Die Arbeitsgruppe „Organische Bauelemente und Systeme“ (ODS) des Instituts für Angewandte Physik (IAP) der TU Dresden arbeitet an der Entwicklung neuartiger organischer Materialien und an biokompatibler Elektronik und Optoelektronik. Die Steigerung der Leistungsfähigkeit organischer Schaltungen ist Fokus und Herausforderung ihrer Arbeit.

Erst vor einigen Monaten hat die Doktorandin Erjuan Guo einen Durchbruch erzielt.
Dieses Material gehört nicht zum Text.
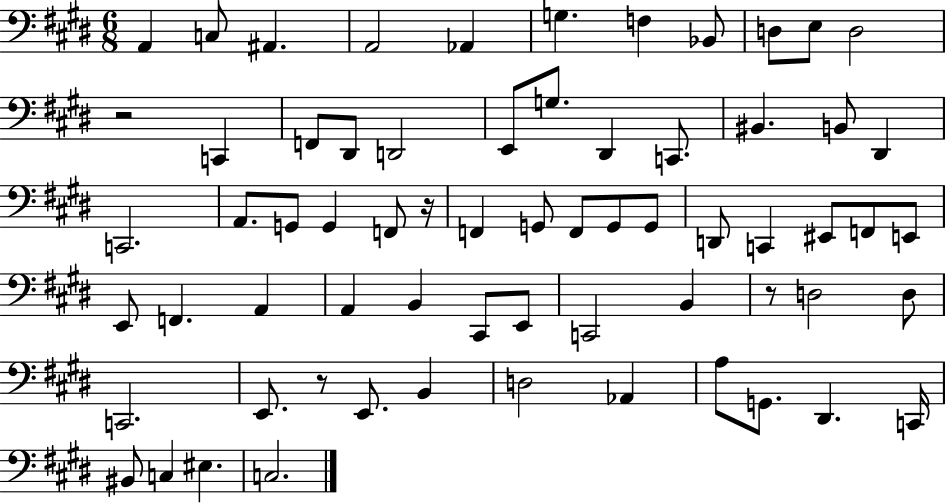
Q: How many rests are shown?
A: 4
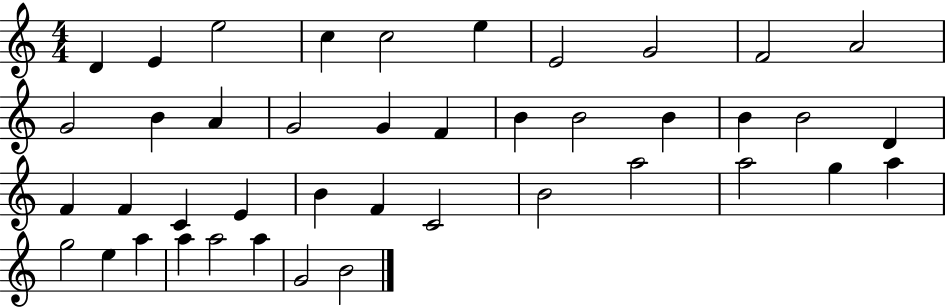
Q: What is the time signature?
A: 4/4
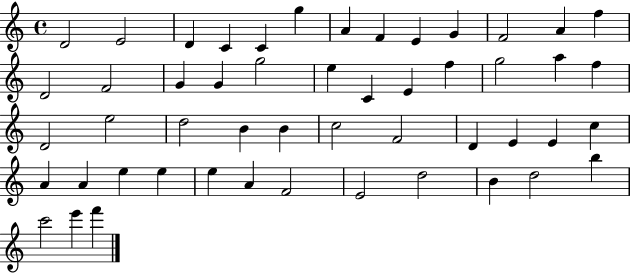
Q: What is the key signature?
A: C major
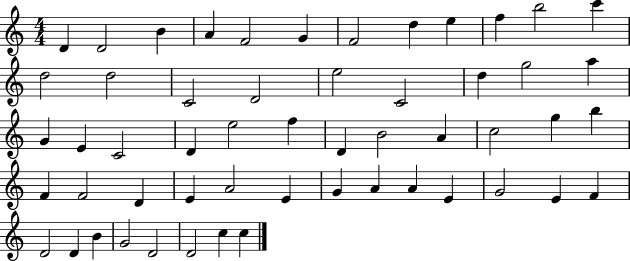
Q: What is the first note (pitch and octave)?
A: D4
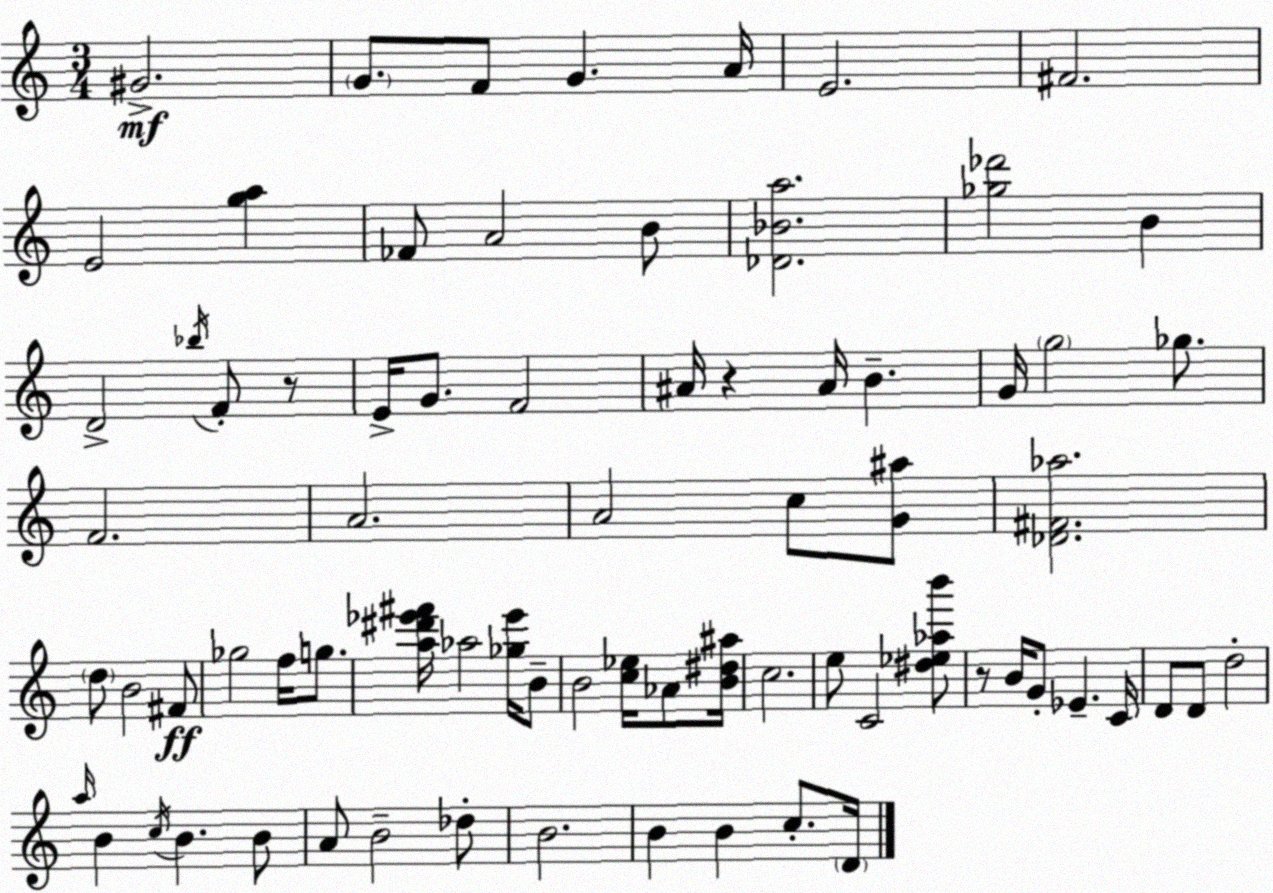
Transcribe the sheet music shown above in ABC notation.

X:1
T:Untitled
M:3/4
L:1/4
K:Am
^G2 G/2 F/2 G A/4 E2 ^F2 E2 [ga] _F/2 A2 B/2 [_D_Ba]2 [_g_d']2 B D2 _b/4 F/2 z/2 E/4 G/2 F2 ^A/4 z ^A/4 B G/4 g2 _g/2 F2 A2 A2 c/2 [G^a]/2 [_D^F_a]2 d/2 B2 ^F/2 _g2 f/4 g/2 [a^d'_e'^f']/4 _a2 [_g_e']/4 B/2 B2 [c_e]/4 _A/2 [B^d^a]/4 c2 e/2 C2 [^d_e_ab']/2 z/2 B/4 G/2 _E C/4 D/2 D/2 d2 a/4 B c/4 B B/2 A/2 B2 _d/2 B2 B B c/2 D/4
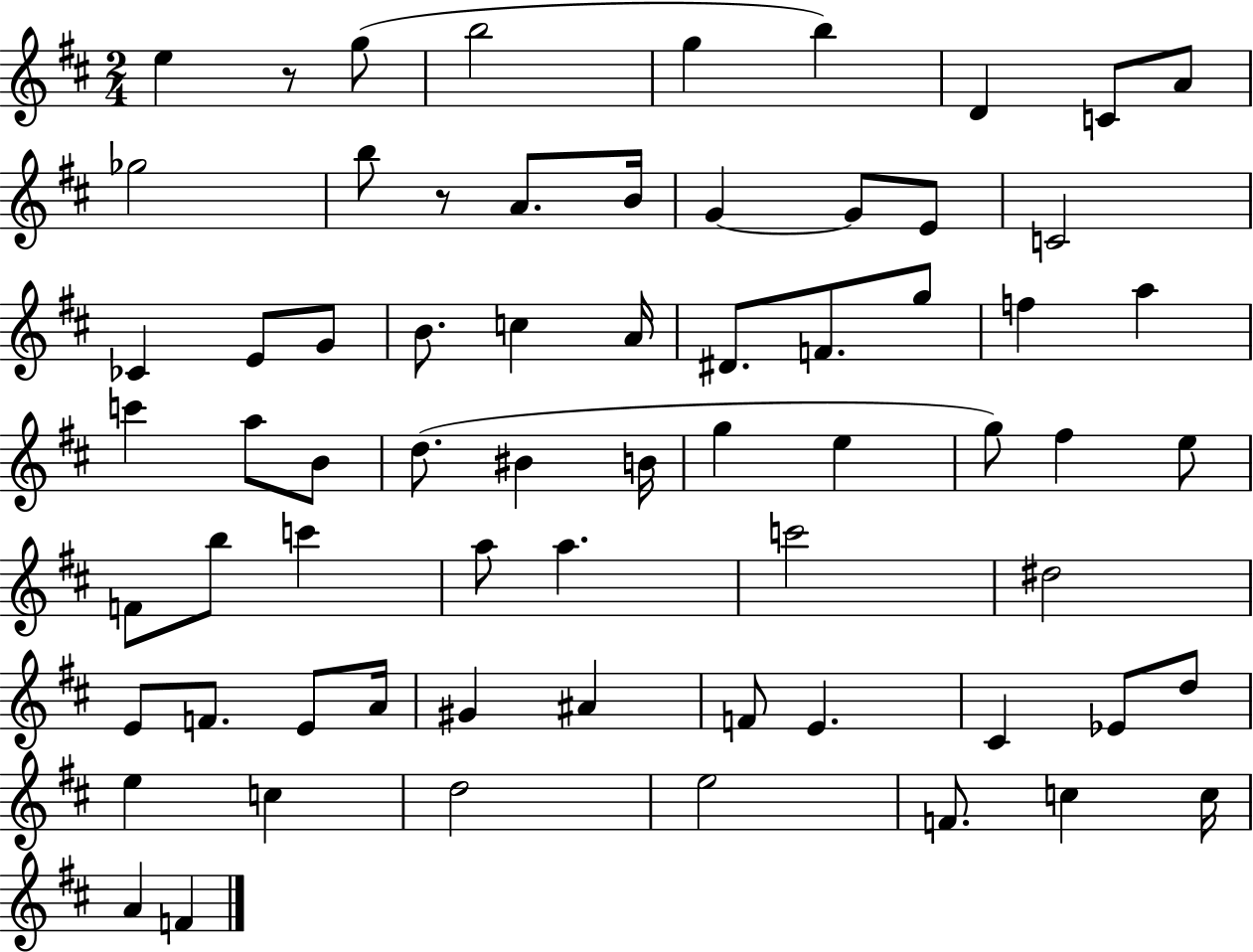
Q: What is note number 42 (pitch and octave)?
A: A5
Und zwar mit der Entwicklung von effizienten, druckbaren sowie einstellbaren, vertikalen organischen Transistoren (Bild).

OPBT: Erstmals in Schaltungen integriert

Aufbauend auf ihren bisherigen Erkenntnissen demonstrieren die Forschenden nun erstmals vertikale organische Transistoren (organic permeable base transistors, OPBTs), die in funktionale Schaltungen integriert sind. Es gelang auch der Nachweis, dass solche Bauelemente eine zuverlässige Leistung bieten, langzeitstabil sind sowie noch nie dagewesene Leistungsmaße besitzen.

In der aktuellen Publikation fügte man der Technologie ein wichtiges Merkmal hinzu, indem komplementäre Schaltungen wie integrierte komplementäre Inverter und Ringoszillatoren demonstriert wurden.

OPBT: Komplementäre Schaltungen steigern Effizienz und Geschwindigkeit

Mit solchen komplementären Schaltungen ließe sich die Effizienz und die Arbeitsgeschwindigkeit um mehr als eine Größenordnung verbessern. Das könnte möglicherweise das Tor öffnen, das der organischen Elektronik den Weg in den Gigahertz-Bereich frei macht.

Die Inverter und Ringoszillatoren sind wichtige Elemente für eine stromsparende, flexible Gigahertz-Elektronik, wie sie für die drahtlose Kommunikation benötigt werden. Die Systeme erlauben nicht nur den Hochfrequenzbetrieb sondern könnten auch noch günstig integriert werden, heißt es abschließend von den IAP-Experten.